The great social and economic changes due to the introduction of machine and power tools and large-scale industrial production began in 1760. Through the first 70 years of this century, the US was the industrial giant of the world. In 1960 the words “Made in Japan” was thought to be a joke. By 1980, those same words had become the standard for manufacturing. In 1985, U.S. manufacturing was in a deep laser scoring depression. Products were too costly, of poor quality and not innovative enough.
Now, again, America is ranked No. 1 in manufacturing (World Competitiveness Report, 1996).

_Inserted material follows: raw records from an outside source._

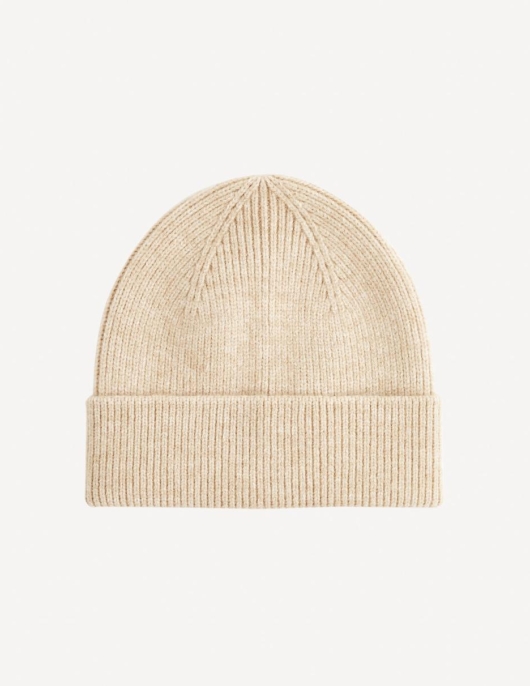 Homme Bonnet En Maille – Beige | Celio Bonnets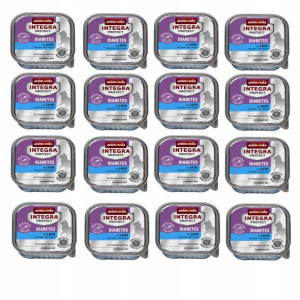 ANIMONDA Integra Diabetes dla kota łosoś 16x 100g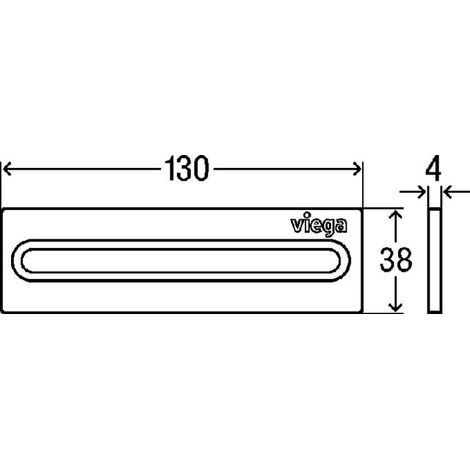 VIEGA 794002 Insert pour caniveau de douche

America’s No. 1 standing is primarily due to the manufacturing revolution that has been under way since 1985. This quiet revolution is built on the unsurpassed innovative spirit of the American people. Innovation is one of the qualities upon which America is founded. American manufactures are the world’s leading innovators. The right combination of technology and people is a good foundation for any company. These technologies are leading to a major new phenomenon: mass customization, which is the ability to customize products literally in quantities as small as one, while producing them at mass-production speeds. Mass customization in the Information Age is replacing the mass-production model of the Industrial laser perforation Age.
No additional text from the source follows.